CPU Chip Topologies

Having explained that the various cloud instances can vary quite dramatically in their hardware configurations even though on paper they have the same delivered “vCPU” count, it would be interesting to dwell a little bit more into the CPU topologies and resulting aspects such as the core-to-core latencies. Frustrated with some inflexible or inaccurate public tools on the matter, I recently had the time to write a new custom microbenchmark for testing synchronisation latencies of CPU cores, exhibiting some of the cache-coherency as well as physical layouts of current designs.

The following tables are core-to-core synchronisation latencies in nanoseconds.

Graviton1 - a1.4xlarge - Arm v8.0 ldaex/stlex

I thought that first it would be interesting to go back and showcase how Amazon’s first-generation Graviton SoC fared in this regard. Powered by Cortex-A72 cores, this design had its 16 cores arranged into 4 clusters, connected via coherent crossbar interconnect. Each cluster of 4x A72 cores had its own 2MB L2 cache, and we clearly see the faster access latencies within such a cluster in the above results. Coherency going from one cluster to the other incurred quite a high penalty, almost quadrupling the access latency.
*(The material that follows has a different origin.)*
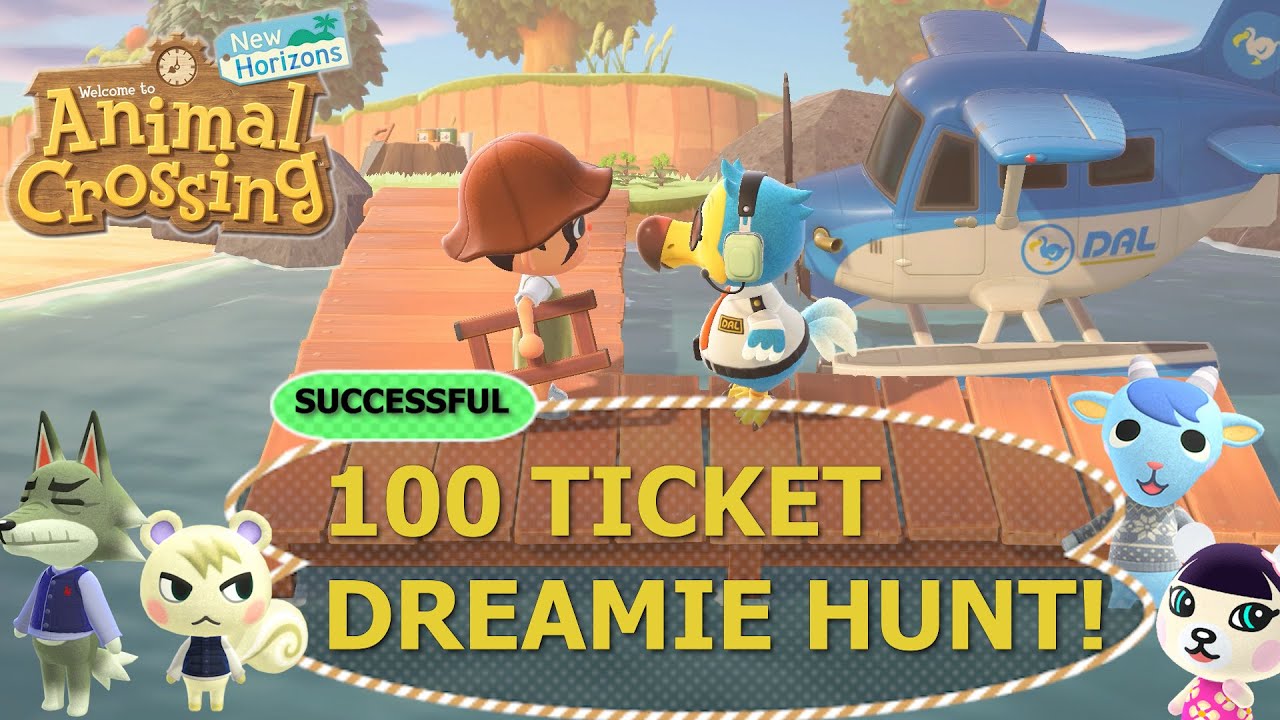 Spending 100 Nook Mile Tickets to Hunt for DREAMIES!! (acnh villager hunt)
Graviton2 - m6g.16xlarge - Arm v8.0 ldaex/stlex
Cache line Near Core 0

Moving onto the Graviton2 with its 64 N1 cores, we see quite a different setup that is comparatively a lot more uniform. This makes sense as the chip’s cores are connected via a mesh network, and the chip is a single monolithic die design. We do see some odd results in the latencies though, most particularly with the lower numbered cores having seemingly better access latencies between each other than the higher numbered cores. I didn’t quite understand this behaviour as in theory the latencies should behave more evenly across the mesh.

Experimenting around, I saw that the results weren’t consistent across runs. Changing the CPU affinity around did have some larger impact on the results, until I understood what was happening.

Graviton2 - m6g.16xlarge - Arm v8.0 ldaex/stlex
Cache line Near Core 63

In fact, what we’re seeing in the two above result sets isn’t the core-to-core two-point latency across the mesh, but rather the core-to-cache-to-core three-point latencies of the system. Amazon and Arm had confirmed one particular odd aspect of the CMN-600: cache lines are statically resident across the mesh’s cache slices. When allocating a cache line in the memory address space, this undergoes a particular hashing function which determines on which mesh cache slice it is physically homed in. When accessing this cache line from any CPU in the system, it always accesses the same physical L3 cache slice on the chip.

My particular test here consists of three primary threads: the main timing thread, and two ping-pong’ing bouncer threads which alter a flag on a cache-line allocated at the start of the test on the main thread. The behaviour which ensues in the above results table, is that when the flag cache line resides in one corner of the chip (Core pair 54 & 55 to be exact in this results set), and we have two cores on the opposite side of the chip accessing this cache line, it means the data must move forth across the whole chip and back even though it’s only being used by two cores adjacent to each other. Similarly, if two cores are synchronising on a cache line that is homed on a physically near cache slice in the mesh, the latencies will be significantly better as it has to travel much less distance.

It’s quite the odd behaviour that we don’t see quite as prevalent in other meshed cache interconnect systems such as Intel’s Xeons, although admittedly we don’t know if that’s just because we haven’t seen the same large core count implemented in such a manner, or if they have some sort of smarter cache line handling in such scenarios.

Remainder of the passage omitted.